# Entries provided:
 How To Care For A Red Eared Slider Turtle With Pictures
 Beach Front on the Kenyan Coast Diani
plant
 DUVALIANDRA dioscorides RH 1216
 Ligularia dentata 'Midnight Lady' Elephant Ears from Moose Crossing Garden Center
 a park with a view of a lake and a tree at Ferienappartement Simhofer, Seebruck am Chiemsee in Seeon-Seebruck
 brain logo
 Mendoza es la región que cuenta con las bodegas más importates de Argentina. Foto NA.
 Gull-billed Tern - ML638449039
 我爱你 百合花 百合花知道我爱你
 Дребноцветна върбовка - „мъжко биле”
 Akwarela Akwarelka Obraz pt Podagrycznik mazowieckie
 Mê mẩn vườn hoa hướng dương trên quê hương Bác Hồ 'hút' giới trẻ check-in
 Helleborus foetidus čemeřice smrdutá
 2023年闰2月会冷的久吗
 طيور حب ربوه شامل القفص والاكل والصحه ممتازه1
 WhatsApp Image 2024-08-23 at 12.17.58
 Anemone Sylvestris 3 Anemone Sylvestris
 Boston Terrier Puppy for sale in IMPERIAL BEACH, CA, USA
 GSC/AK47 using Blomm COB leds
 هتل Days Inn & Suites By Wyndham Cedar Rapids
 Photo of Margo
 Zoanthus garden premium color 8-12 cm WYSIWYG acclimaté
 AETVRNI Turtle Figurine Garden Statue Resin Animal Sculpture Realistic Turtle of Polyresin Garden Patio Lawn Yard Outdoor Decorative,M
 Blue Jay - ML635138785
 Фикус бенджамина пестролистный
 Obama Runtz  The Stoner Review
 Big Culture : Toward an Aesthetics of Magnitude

# Aim of the task:
Beginning at the top of the data, please return every line until and including the line containing "Zoanthus garden premium", copied exactly, and nothing past it.

# Result:
 How To Care For A Red Eared Slider Turtle With Pictures
 Beach Front on the Kenyan Coast Diani
plant
 DUVALIANDRA dioscorides RH 1216
 Ligularia dentata 'Midnight Lady' Elephant Ears from Moose Crossing Garden Center
 a park with a view of a lake and a tree at Ferienappartement Simhofer, Seebruck am Chiemsee in Seeon-Seebruck
 brain logo
 Mendoza es la región que cuenta con las bodegas más importates de Argentina. Foto NA.
 Gull-billed Tern - ML638449039
 我爱你 百合花 百合花知道我爱你
 Дребноцветна върбовка - „мъжко биле”
 Akwarela Akwarelka Obraz pt Podagrycznik mazowieckie
 Mê mẩn vườn hoa hướng dương trên quê hương Bác Hồ 'hút' giới trẻ check-in
 Helleborus foetidus čemeřice smrdutá
 2023年闰2月会冷的久吗
 طيور حب ربوه شامل القفص والاكل والصحه ممتازه1
 WhatsApp Image 2024-08-23 at 12.17.58
 Anemone Sylvestris 3 Anemone Sylvestris
 Boston Terrier Puppy for sale in IMPERIAL BEACH, CA, USA
 GSC/AK47 using Blomm COB leds
 هتل Days Inn & Suites By Wyndham Cedar Rapids
 Photo of Margo
 Zoanthus garden premium color 8-12 cm WYSIWYG acclimaté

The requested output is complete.